Eles ignoram a falta de elo entre as duas coisas, assim como o fato de que há mais sabedoria na população em geral do que num indivíduo qualquer, por mais inteligente que ele seja. 

O conhecimento total, portanto, supera aquele das elites intelectuais, mesmo que cada indivíduo escolhido aleatoriamente entre grandes grupos tenha apenas fragmentos inexpressivos desse conhecimento.


Intelectuais preferem flertar com abstrações racionalistas e desprezar tradições e tabus


Os intelectuais, de forma arrogante, partem da premissa implícita de que o conhecimento já está concentrado em pessoas como eles, e que por isso mesmo o processo decisório também deveria estar concentrado nessa elite “iluminada” que saberá tomar as melhores decisões pelo povo. 

O movimento “progressista” norte-americano sempre teve como pilar essa visão elitista e arrogante, que leva facilmente para o desprezo da democracia e da economia de mercado, e enxerga no “rei-filósofo” um caminho melhor para administrar a coisa pública.

Esses “experts” assumem também uma visão utópica de que serão sempre “desapaixonados”, ou seja, agirão somente com base no bem geral e não no interesse egoísta, que são incorruptíveis e sem nenhum viés. Eis uma crença que não resiste a qualquer escrutínio empírico, mas que sobrevive em círculos intelectuais como premissa verdadeira, ou seja, sem nenhum escrutínio sincero. 

Afinal, sem tal premissa, toda a defesa dessa “engenharia social” com poder concentrado nos “iluminados” vai para o espaço.

Os intelectuais gostam muito de falar em nome da razão, mas o uso adequado da razão leva à conclusão acerca de seus próprios limites. As leis, por exemplo, são muitas vezes fruto da experiência passada, não da lógica. Mas esses intelectuais se recusam a admitir isso, preferem flertar com abstrações racionalistas e desprezar as tradições e os tabus. 

Sowell entra em várias áreas para ilustrar as incríveis falácias repetidas por intelectuais, como na economia, no direito, na sociologia, na imprensa e na geopolítica. Cada capítulo é riquíssimo em casos bizarros de erros grosseiros causados por essa típica arrogância intelectual.

Mas é muito difícil persuadir tais intelectuais de seus graves equívocos, pois uma das violações mais comuns dos padrões intelectuais é a prática de atribuir às emoções as divergências de opinião. 

Assim, alguém pensa diferente porque é racista, machista, homofóbico ou xenófobo, e o intelectual não precisa mais rebater os argumentos contrários. 

E, como essa visão é predominante na mídia também, a visão dos intelectuais acaba sendo a dominante e influenciando bastante o mundo.

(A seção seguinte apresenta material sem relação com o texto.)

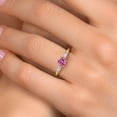 thumbnail image 4 of Gem Stone King 10K Yellow Gold Pink Moissanite and Lab Grown Diamond Engagement Ring for Women | 1.10 Cttw | Round 6MM | Gemstone Birthstone | Size 9, 4 of 6
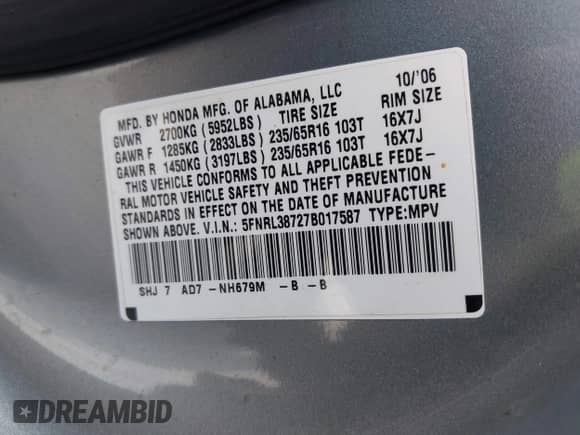 2007 Honda Odyssey EX-L с VIN 5FNRL38727B017587, выставлен на аукционе IAAI как лот 41900739 с пробегом 216 909 миль миль и . История ставок и продаж доступна на DreamBid. Изображение 9.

Nem quando os reis tinham direitos divinos havia essa presunção de que uma elite tem o direito de guiar todos os demais, basicamente por meio da expansão de poder estatal. 

E essa visão dos “ungidos” não é apenas uma visão da sociedade; é também uma visão autocongratulatória dos próprios “ungidos”, que dificilmente vão abrir mão dela já que, com isso, podem se sentir totalmente especiais.

Talvez o que mais falte a esses intelectuais é humildade, é a capacidade de se enxergar como alguém inteligente, de destaque em certa área do saber, mas não como um guia moral para as massas, não como alguém cuja missão é “empurrar a história” na direção “certa”.